Some leading Swiss brands recently won top awards for their watches.
The Grand Prix d’Horlogerie, held in Geneva, Switzerland, at the end of 2002, awarded its Design Watch Award to TAG Heuer for its avant-garde F1 Micrograph digital chronograph. The winning timepiece, one of eight in the Grand Prix competition, was selected by an international jury of experts, journalists, and historians.
The F1 Micrograph has a high-end digital screen and anti-reflective sapphire crystal. It can measure racing time up to 1/100ths of a second, memorize each lap in order, store and analyze all race data, and display the best lap. The movement was developed by TAG Heuer in Switzerland.
The annual “Watch of the Year” competition of Uhrenwelt and Montres Passion magazines went to Corum’s automatic Classical “Heure Sautante” (“jumping hour”) watch. The timepiece was produced in three limited editions of 300 each, with a black, silver, or silver-and-copper dial. The “Watch of the Year” award is designed to promote the best in Swiss watch design, aesthetically and technically.
The second and third prizes went to Cartier’s “Tank à vis” and Girard-Perregaux’s “Richeville” men’s chronograph, respectively.
For the second consecutive year, the grand prize of Geneva for watchmaking went to Vacheron Constantin. The luxury watchmaker received the award for its slim round gold “Patrimony” in the “Extra-Thin Watch” category. The watch’s caliber 1003 mechanical movement measures 1.64 mm front to back and 20 mm across. It has some 100 parts and components (including 18 jewels) and provides more than 30 hours of reserve power.
Grinberg Receives JIC Life Achievement AwardGedalio “Gerry” Grinberg, founder and chairman of the board of the Movado Group Inc., received a Lifetime Achievement Award from the Jewelry Information Center during JIC’s inaugural Gem Awards, presented in January at a black-tie gala. Consumer magazine, newspaper, and international journalists also were honored, and Tiffany & Co. was recognized for its marketing campaign.

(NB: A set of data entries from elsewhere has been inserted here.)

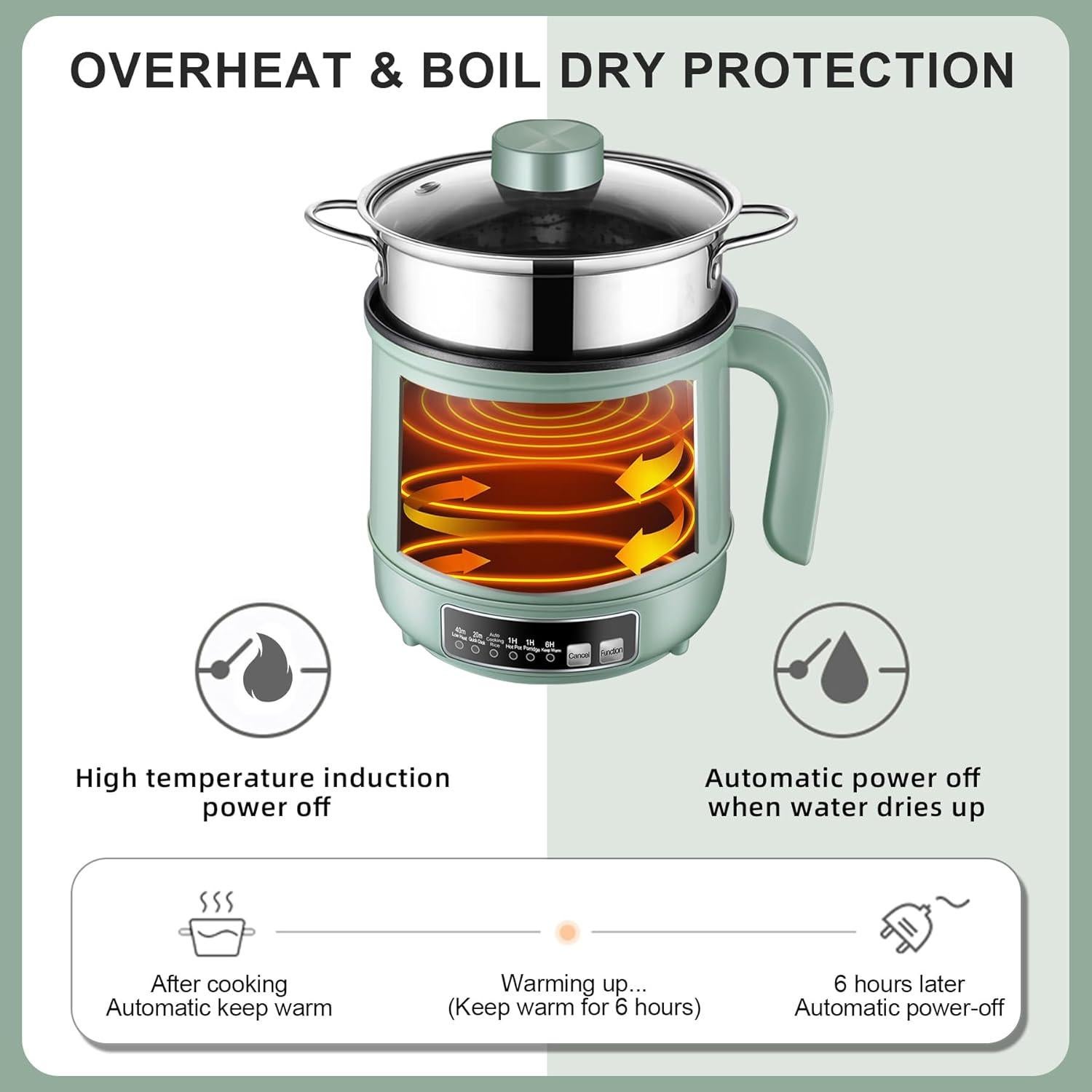 Olla Caliente Inteligente NUNET 1.2L Verde con Temporizador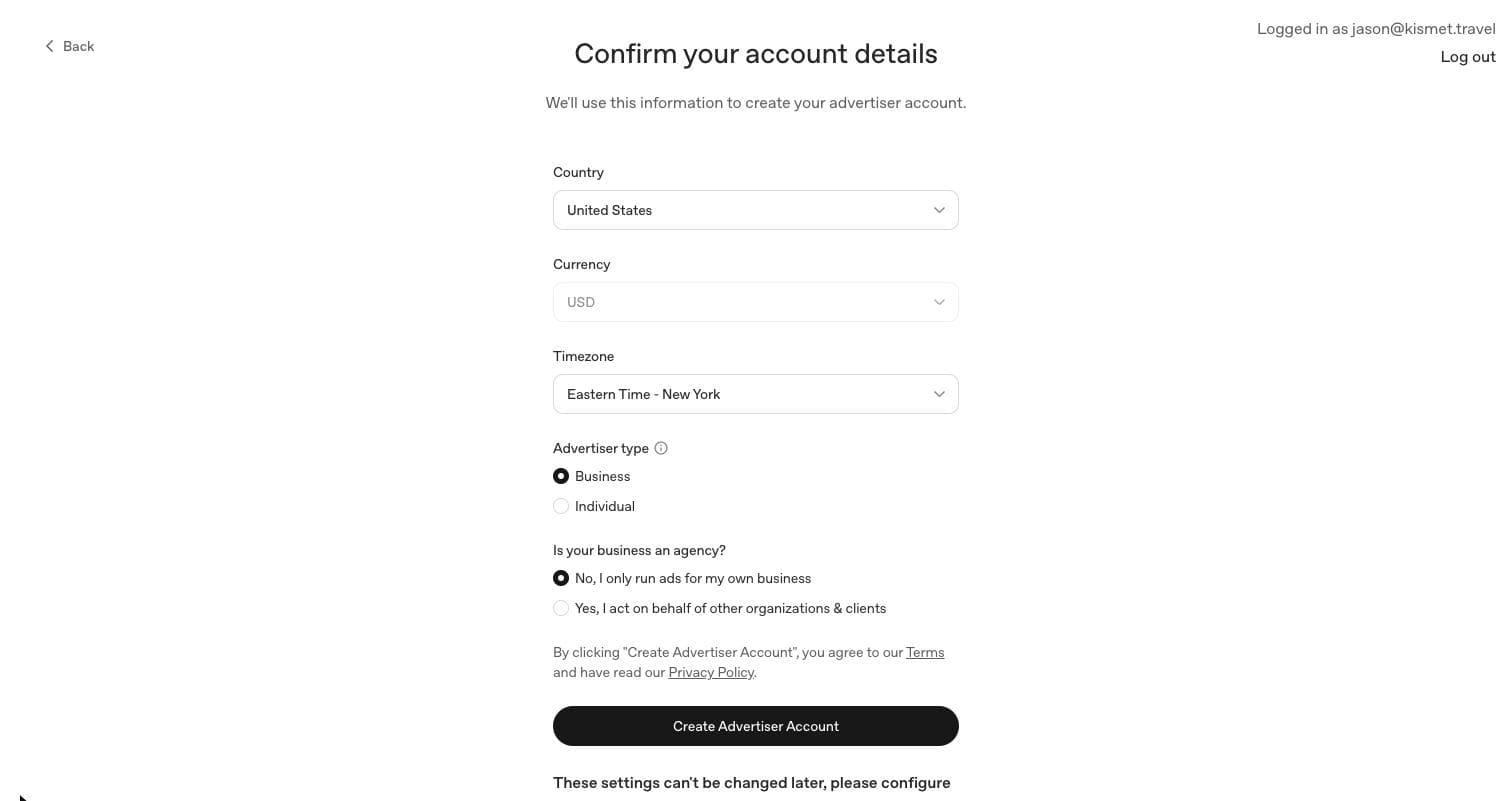 Account details form with country, currency, time zone, and the agency question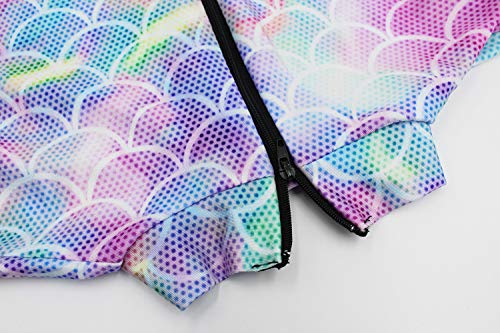 Women's One Piece Long Sleeve Rash Guard Swimwear Mermaid Sun Protection Swimsuit Bathing Suit4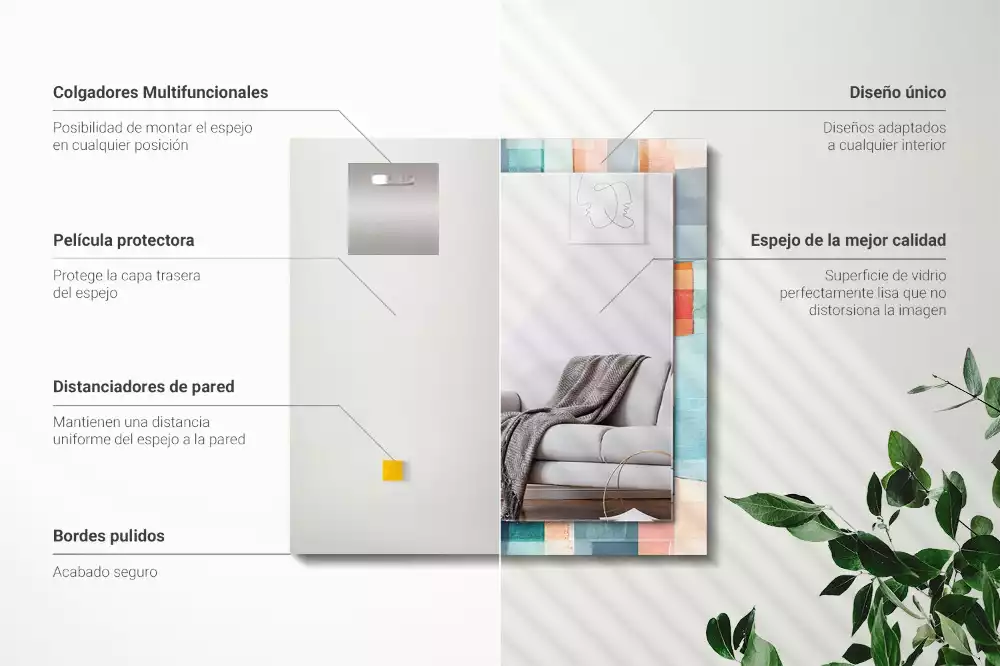 Rechthoekige spiegel lijst met print Kleurrijke abstracte rechthoeken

Grinberg’s career in fine watches began in Cuba in the 1950s, where he was exclusive distributor of Omega and Piaget timepieces. In 1960—shortly after Fidel Castro took over Cuba—Grinberg, then 29, emigrated to the United States and began working to develop a market for Swiss luxury watches in America.
His company, the North American Watch Co., bought Concord Watch in 1970, and in 1983 it acquired Movado, a small Swiss watchmaker, which Grinberg built into an internationally recognized watch brand.
Movado’s marketing and corporate sponsorships reflect Grinberg’s lifelong passion for the arts. He is an avid collector of modern art and has encouraged artists in diverse media. Movado became a principal benefactor of the American Ballet Theater (Grinberg has served on the board since 1990 and is chairman emeritus), sponsored the PBS series “Art of the Western World” and “Great Performances,” and began the “Movado Minute” radio series featuring mini-interviews with performing artists, choreographers, and conductors. In the 1990s, the company launched a collection of timepieces based on the works of artists around the world.
This longtime commitment to culture was given symbolic form in 1999, when, through Grinberg’s private support as well as a Movado Group corporate sponsorship, an 18-foot-tall sculptured bronze clock tower was installed in front of Lincoln Center in New York City. The tribute to time and the arts was designed by renowned architect Philip Johnson.